岩場で今晩の野宿のためにご飯となる魚を釣る。
釣りというのも初めてで、ペイに教わりながら釣り糸を海に垂らすけど、ペイのように釣れることはなくて、あたしはぼーっとしていた。
メリー、ミシェル、クリスは薪となる流木を集めたりしてくれている。
「っと。またかかった」
ペイは楽しそうに簡易に作った釣竿を引き上げる。
その糸の先の針には魚がちゃんとついていて、ペイは慣れたように魚を針からはずして、近くにおいていたバケツに魚を投げ入れた。
「なんでペイはそんなに釣れるの?あたし、まだ1匹も釣ってないのにぃっ」
「俺の餌のほうがうまそうに見えるんだろ」
ペイは言いながら、あたしのそばにきてくれて、あたしの握った釣竿に背後から手を添えて、こうすればいいみたいに教えてくれる。
けど、あたしは釣りどころか、近くに感じるペイにドキドキしてしまって、なんかそれどころじゃなくなってしまう。
だって、近いっ。
一緒に旅をする人が増えて、こんなふうに二人きりになることもなくなっていたから、なんかこんなの久しぶりだしっ。

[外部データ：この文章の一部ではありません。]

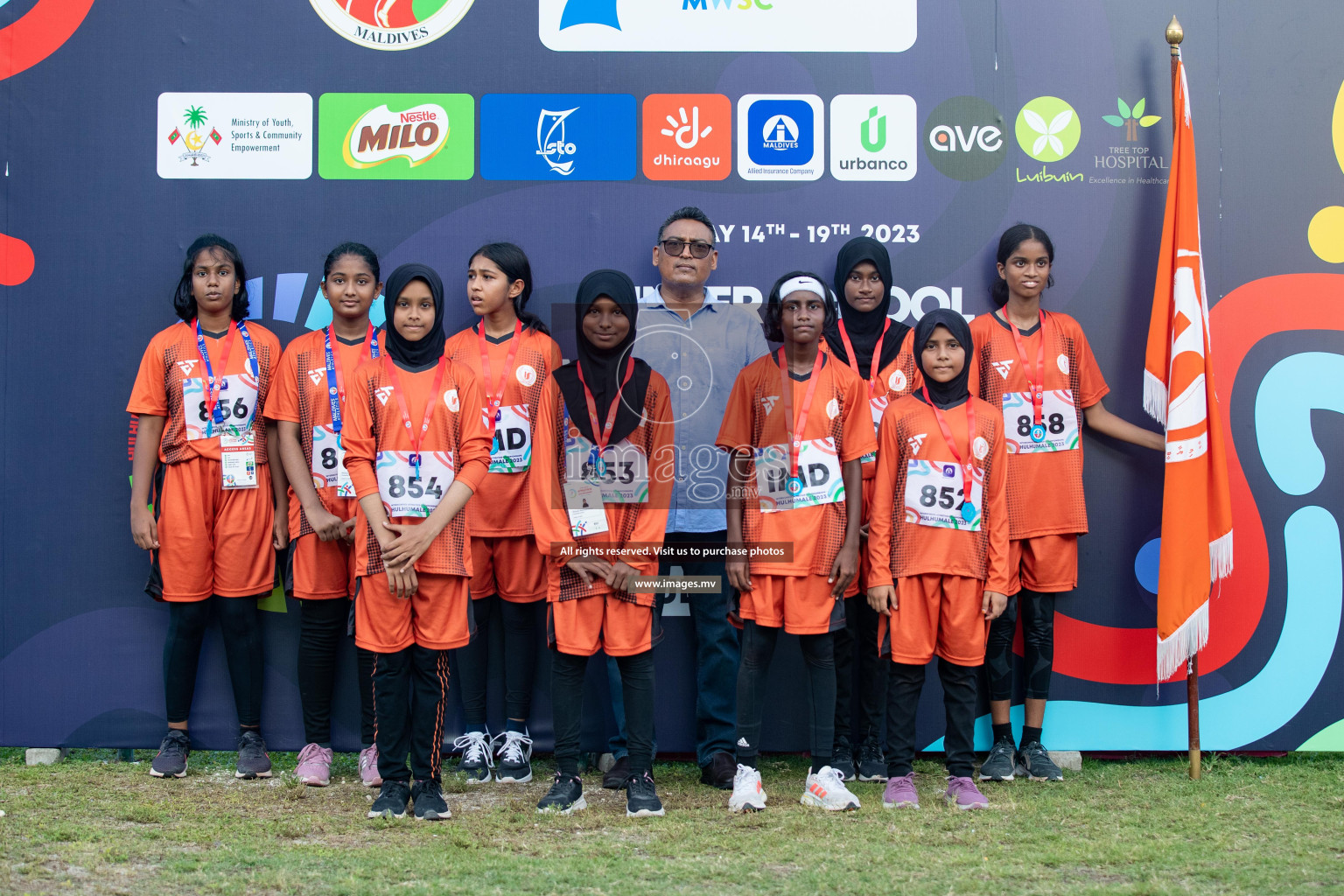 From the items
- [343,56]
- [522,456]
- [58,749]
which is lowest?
[58,749]

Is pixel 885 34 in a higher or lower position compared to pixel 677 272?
higher

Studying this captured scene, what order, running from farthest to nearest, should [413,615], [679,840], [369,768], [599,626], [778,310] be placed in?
[369,768]
[778,310]
[599,626]
[413,615]
[679,840]

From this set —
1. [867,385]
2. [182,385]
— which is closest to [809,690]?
[867,385]

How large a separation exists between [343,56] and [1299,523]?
14.3 feet

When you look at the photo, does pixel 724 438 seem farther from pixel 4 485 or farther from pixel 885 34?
pixel 4 485

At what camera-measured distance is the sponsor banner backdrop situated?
4.17 meters

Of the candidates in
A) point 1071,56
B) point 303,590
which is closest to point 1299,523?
point 1071,56

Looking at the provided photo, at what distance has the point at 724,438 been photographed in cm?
363

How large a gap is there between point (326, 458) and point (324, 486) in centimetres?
11

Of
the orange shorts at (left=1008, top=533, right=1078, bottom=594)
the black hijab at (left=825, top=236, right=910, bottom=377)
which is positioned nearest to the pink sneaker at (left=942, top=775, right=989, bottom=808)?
the orange shorts at (left=1008, top=533, right=1078, bottom=594)

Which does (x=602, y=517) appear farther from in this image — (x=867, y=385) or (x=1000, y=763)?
(x=1000, y=763)

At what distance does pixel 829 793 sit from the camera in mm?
3443

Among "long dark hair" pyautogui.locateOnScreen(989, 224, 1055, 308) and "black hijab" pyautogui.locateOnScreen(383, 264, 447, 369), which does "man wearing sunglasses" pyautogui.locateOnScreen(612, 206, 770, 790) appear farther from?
"long dark hair" pyautogui.locateOnScreen(989, 224, 1055, 308)

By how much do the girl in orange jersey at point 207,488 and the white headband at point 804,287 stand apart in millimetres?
1993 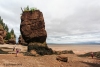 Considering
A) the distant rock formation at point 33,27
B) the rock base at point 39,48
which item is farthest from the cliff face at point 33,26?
the rock base at point 39,48

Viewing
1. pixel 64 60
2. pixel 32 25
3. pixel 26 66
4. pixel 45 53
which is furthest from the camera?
pixel 32 25

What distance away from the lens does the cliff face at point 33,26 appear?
107 feet

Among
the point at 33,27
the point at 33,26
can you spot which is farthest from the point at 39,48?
the point at 33,26

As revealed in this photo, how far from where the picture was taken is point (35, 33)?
108 feet

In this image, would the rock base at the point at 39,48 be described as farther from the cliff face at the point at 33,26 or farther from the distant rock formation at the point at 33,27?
the cliff face at the point at 33,26

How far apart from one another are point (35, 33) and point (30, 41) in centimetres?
175

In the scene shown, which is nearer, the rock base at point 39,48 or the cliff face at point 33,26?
the rock base at point 39,48

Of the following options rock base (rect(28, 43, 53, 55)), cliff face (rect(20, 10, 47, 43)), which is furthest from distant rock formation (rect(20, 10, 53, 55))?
rock base (rect(28, 43, 53, 55))

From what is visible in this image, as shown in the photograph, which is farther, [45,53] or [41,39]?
[41,39]

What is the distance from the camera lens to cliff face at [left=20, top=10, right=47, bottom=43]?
107ft

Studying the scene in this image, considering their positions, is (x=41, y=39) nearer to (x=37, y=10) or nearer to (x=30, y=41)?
(x=30, y=41)

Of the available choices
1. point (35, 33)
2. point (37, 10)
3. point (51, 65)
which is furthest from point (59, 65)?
point (37, 10)

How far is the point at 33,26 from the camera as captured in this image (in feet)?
108

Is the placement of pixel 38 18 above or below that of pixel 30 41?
above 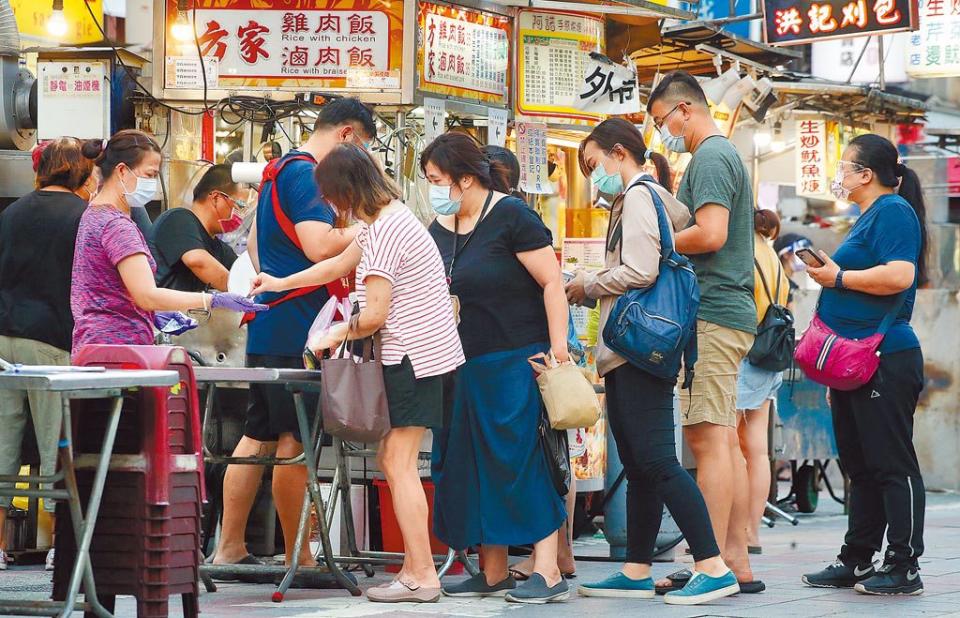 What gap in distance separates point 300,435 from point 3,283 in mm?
1728

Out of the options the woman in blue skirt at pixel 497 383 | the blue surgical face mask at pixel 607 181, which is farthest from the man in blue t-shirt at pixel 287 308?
the blue surgical face mask at pixel 607 181

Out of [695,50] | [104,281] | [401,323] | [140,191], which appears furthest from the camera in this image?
[695,50]

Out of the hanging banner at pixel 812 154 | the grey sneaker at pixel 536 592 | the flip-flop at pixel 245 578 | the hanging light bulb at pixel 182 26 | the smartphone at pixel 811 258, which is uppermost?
the hanging light bulb at pixel 182 26

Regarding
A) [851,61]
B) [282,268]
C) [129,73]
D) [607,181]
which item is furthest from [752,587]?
[851,61]

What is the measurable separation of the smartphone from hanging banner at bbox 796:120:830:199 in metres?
9.35

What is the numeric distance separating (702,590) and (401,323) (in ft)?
5.44

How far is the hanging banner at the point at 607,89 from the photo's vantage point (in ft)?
32.8

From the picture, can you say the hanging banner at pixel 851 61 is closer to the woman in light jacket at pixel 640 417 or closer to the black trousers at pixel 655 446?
the woman in light jacket at pixel 640 417

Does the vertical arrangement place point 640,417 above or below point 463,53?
below

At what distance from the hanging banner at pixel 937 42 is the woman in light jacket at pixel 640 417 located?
8144 mm

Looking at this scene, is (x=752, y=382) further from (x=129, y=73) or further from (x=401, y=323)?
(x=129, y=73)

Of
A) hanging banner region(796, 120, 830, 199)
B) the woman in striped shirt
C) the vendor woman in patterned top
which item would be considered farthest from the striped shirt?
hanging banner region(796, 120, 830, 199)

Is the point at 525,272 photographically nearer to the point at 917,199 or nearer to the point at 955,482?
the point at 917,199

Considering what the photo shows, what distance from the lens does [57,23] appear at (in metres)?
9.45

なんて、ドキドキしているのは、きっとあたしだけなんだろう。
相変わらずペイは何を考えているのかわからないし。
思わせぶりな態度…も、最近じゃわかんない。
あたしが溜息をつこうとしたその時、いきなり竿が勢いよく引っ張られた。
ええっ?
あたしはその強い力に驚いて竿から手を離す。
「かかったっ。リジー、おまえ、これ引き上げるのが釣りなんだぞ?手を離してどうするんだ?」
「だって、そんなの無理だよっ」
「確かにこりゃ大物だな」
ペイは楽しそうに竿を左右に倒したり引いたりして、釣りを楽しんでいる。
あたしは何もできずに、そうしてペイが魚を引き上げるのを少しワクワクしながら見ていた。
どんな大物がかかったんだろう?
海の海面に巨大な影がゆらゆらと近づいてくる。
そして、海面からいきなり、ザバァッと大きな水音をたてて何かが飛び出してきた。